Leitsatz

Mehrere innerhalb von 10 Jahren von der selben Person durch Schenkung und/oder Erbschaft anfallende Vermögensvorteile werden in der Weise zusammen gerechnet, daß dem letzten Erwerb die früheren Erwerbe nach ihrem früheren Wert zugerechnet werden. Von der Steuer für den so ermittelten Gesamtbetrag wird die Steuer abgezogen, die für die früheren Erwerbe zur Zeit des letzten Erwerbs zu erheben gewesen wäre (§ 14 Abs. 1 ErbStG). Durch diese Regelung soll lediglich verhindert werden, daß mehrere Teil erwerbe gegenüber einem einheitlichen Erwerb erbschaftsteuerlich begünstigt werden.

Die Vorschrift ändert jedoch nichts daran, daß die einzelnen Erwerbe als selbständige steuerpflichtige Vorgänge jeweils für sich der Steuer unterliegen. Weder werden die früheren Steuerfestsetzungen mit der Steuerfestsetzung für den letzten Erwerb zusammengefaßt, noch werden die einzelnen Erwerbe innerhalb eines 10-Jahreszeitraums zu einem einheitlichen Erwerb verbunden. § 14 Abs. 1 Satz 1 ErbStG trifft lediglich eine besondere Anordnung für die Berechnung der Steuer, die für den jeweils letzten Erwerb innerhalb des 10-Jahreszeitraums festzusetzen ist.

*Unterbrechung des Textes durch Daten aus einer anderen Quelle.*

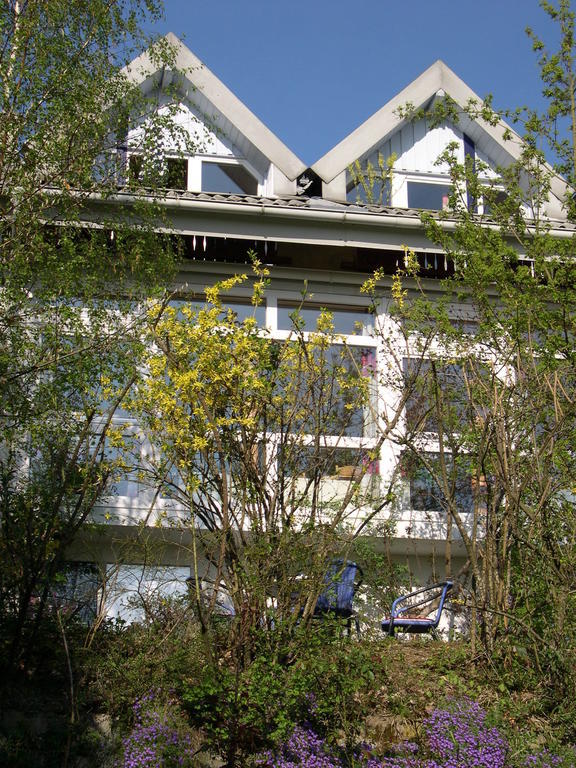 Gesundheitshotel Haus Sonnenstein Salem  Kültér fotó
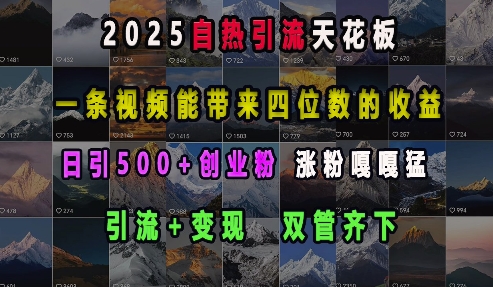 2025自热引流天花板，一条视频能带来四位数的收益，引流+变现双管齐下，日引500+创业粉，涨粉嘎嘎猛-985网创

Im Streitfall hatte ein Vater (Erblasser) in 1985 seinem Sohn ein zinsloses Darlehen in Höhe von 150.000 DM mit einer 10jährigen Laufzeit (bis zum 1. 10. 1995) überlassen. Nach dem Tode des Vaters (1990) ging dessen Darlehensforderung gegen seinen Sohn auf diesen als Erben über und erlosch im Hinblick auf die Vereinigung von Forderung und Schuld (§ 10 Abs. 3 ErbStG). Bei der Erbschaftsteuerveranlagung setzte das Finanzamt den Erwerb der Darlehensforderung (150.000 DM) mit dem auf den Zeitpunkt des Erbfalls (1990) abgezinsten Wert von 120.276 DM an. Dem Erwerb von Todes wegen wurde zusätzlich als sog. Vorerwerb das Recht des Erblassers auf unentgeltliche Nutzung des Kapitals in Höhe von 47.443 DM hinzugerechnet. Dabei legte das Finanzamt der Bewertung der Nutzung die vereinbarte Laufzeit (bis zum 1. 10. 19 95 ) zugrunde. Infolge Zusammenrechnung beider Vermögenserwerbe ergab sich somit ein Betrag von 167.719 DM und damit ein höherer Wert als der der zugewendeten Darlehenssumme von 150.000 DM.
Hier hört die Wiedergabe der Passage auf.